Releases: onamfc/rag-chat
v0.1.0 - Initial Release
Xantus v0.1.0 - Initial Release
I'm excited to announce the initial release of Xantus, a privacy-first RAG (Retrieval-Augmented Generation) chat system that lets you have conversations with your documents using AI.
What is Xantus?
Xantus is an open-source document chat system that allows you to upload documents and ask questions about them using large language models. Unlike cloud-only solutions, Xantus can run completely locally or use cloud providers - your choice.
Key Philosophy:
- Privacy First - All data stays on your system with local AI
- Extensible - MCP integration for external tools
- Multiple UIs - Streamlit interface + OpenAI-compatible API
- Multi-Provider - Supports Ollama, OpenAI, Anthropic, and more
Key Features
Document Processing
- Multiple Format Support - Upload PDF, DOCX, TXT, and Markdown files
- Semantic Search - RAG-powered retrieval with ChromaDB vector store
- Smart Chunking - Configurable chunk size and overlap for optimal retrieval
- Complete Deletion - Properly removes documents from vector store (no orphaned data!)
Chat & Retrieval
- Interactive Chat - Natural conversation interface with context awareness
- Source Citations - See exactly where answers came from with:
- Document name and page number
- Chunk index for precise location
- Relevance score (0-100%)
- Full text excerpts (expandable)
- Configurable RAG - Adjust similarity_top_k, chunk size, and overlap
- Chat History - Conversation persistence in the UI
AI Provider Support
- Ollama - Completely local, privacy-first (Llama 3.2, Mistral, etc.)
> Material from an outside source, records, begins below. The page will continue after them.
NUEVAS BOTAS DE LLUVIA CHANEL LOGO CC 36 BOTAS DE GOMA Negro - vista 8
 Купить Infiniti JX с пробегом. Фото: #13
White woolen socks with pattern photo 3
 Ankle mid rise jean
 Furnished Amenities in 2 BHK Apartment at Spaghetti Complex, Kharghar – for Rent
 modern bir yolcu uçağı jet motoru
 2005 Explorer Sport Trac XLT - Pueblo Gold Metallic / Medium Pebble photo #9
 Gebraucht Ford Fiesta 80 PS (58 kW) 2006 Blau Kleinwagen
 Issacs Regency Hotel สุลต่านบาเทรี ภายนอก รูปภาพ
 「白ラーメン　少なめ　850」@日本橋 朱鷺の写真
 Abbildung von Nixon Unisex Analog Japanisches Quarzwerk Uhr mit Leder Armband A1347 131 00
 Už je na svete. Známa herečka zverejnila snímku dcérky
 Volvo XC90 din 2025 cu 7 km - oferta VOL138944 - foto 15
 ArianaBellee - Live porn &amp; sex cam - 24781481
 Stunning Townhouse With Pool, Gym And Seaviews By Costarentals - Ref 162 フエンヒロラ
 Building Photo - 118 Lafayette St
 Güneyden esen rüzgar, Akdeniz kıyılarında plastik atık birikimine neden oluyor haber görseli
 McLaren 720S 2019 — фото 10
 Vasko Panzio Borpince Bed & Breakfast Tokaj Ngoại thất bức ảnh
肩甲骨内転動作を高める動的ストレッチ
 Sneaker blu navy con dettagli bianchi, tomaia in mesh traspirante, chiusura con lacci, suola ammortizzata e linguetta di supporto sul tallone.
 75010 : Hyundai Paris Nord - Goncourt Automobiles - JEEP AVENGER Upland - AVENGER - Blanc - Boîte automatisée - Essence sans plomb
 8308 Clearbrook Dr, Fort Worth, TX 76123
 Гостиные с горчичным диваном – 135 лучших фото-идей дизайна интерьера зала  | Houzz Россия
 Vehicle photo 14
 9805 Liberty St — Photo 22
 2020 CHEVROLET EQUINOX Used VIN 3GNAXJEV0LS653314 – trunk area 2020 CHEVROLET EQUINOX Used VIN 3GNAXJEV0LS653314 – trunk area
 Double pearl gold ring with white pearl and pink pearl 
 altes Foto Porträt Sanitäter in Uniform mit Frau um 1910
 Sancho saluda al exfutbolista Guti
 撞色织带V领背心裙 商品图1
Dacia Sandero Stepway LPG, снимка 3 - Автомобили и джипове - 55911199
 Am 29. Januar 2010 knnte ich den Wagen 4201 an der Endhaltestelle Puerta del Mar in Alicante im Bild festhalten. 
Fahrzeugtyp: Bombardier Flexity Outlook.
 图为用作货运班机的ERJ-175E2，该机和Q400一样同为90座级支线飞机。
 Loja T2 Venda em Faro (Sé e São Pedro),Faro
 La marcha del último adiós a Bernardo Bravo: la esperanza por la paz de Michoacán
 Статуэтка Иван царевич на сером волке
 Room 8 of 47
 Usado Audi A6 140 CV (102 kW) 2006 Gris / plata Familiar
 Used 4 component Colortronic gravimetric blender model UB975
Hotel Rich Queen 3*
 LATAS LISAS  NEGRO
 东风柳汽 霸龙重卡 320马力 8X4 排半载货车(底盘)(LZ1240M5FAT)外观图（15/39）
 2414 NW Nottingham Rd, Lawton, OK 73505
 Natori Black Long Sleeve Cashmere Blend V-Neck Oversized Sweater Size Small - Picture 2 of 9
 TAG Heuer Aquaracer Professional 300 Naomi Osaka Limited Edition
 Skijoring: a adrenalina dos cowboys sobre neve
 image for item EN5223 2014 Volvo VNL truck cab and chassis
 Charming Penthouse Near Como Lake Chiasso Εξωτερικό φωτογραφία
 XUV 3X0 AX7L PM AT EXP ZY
- OpenAI - GPT-4, GPT-3.5-turbo with streaming support
- Anthropic - Claude Sonnet 4, Claude Haiku
- Hybrid Mode - Cloud LLM + local embeddings for cost optimization
MCP (Model Context Protocol) Integration
- External Tools - Calculator, file system, text processing, weather
- Extensible - Add custom MCP servers easily
- TypeScript Support - Integrated MCP server template
- Built-in Tools:
- Calculator - Perform mathematical operations
- File System - Read/write/list files
- Text Processing - Word count, sentiment analysis, case conversion
- Weather - Weather data retrieval
User Interface
- Streamlit UI - Clean, modern chat interface
- Settings Panel - Toggle RAG context and source citations
- Document Management - Upload, list, and delete documents
- Real-time Updates - Live document list and chat history
- Responsive - Works on desktop and tablet
API & Integration
- RESTful API - OpenAI-compatible chat completions endpoint
- FastAPI - High-performance async API server
- CORS Support - Configurable cross-origin requests
- Health Checks - Monitor system status
- OpenAPI Docs - Auto-generated API documentation at
/docs
Architecture & Quality
- Dependency Injection - Clean, testable architecture using Injector
- Factory Pattern - Easy to swap LLMs, embeddings, vector stores
- Type Safety - Pydantic models throughout
- Async Support - Non-blocking operations
- Structured Logging - Clear visibility into system operations
What's Included
Core Components
xantus/
├── xantus/ # Main Python package
│ ├── api/ # FastAPI endpoints
│ │ ├── chat_router.py # Chat completions
│ │ ├── ingest_router.py # Document upload/management
│ │ └── embeddings_router.py
│ ├── services/ # Business logic
│ │ ├── chat_service.py # RAG chat with sources
│ │ ├── ingest_service.py # Document processing
│ │ └── mcp_service.py # MCP orchestration
│ ├── components/ # Component factories
│ │ ├── llm/ # LLM provider factory
│ │ ├── embeddings/ # Embedding factory
│ │ └── vector_store/ # Vector store factory
│ ├── models/ # Data models
│ └── config/ # Settings management
├── ui/ # Streamlit interface
├── mcp-servers/ # MCP integration (submodule)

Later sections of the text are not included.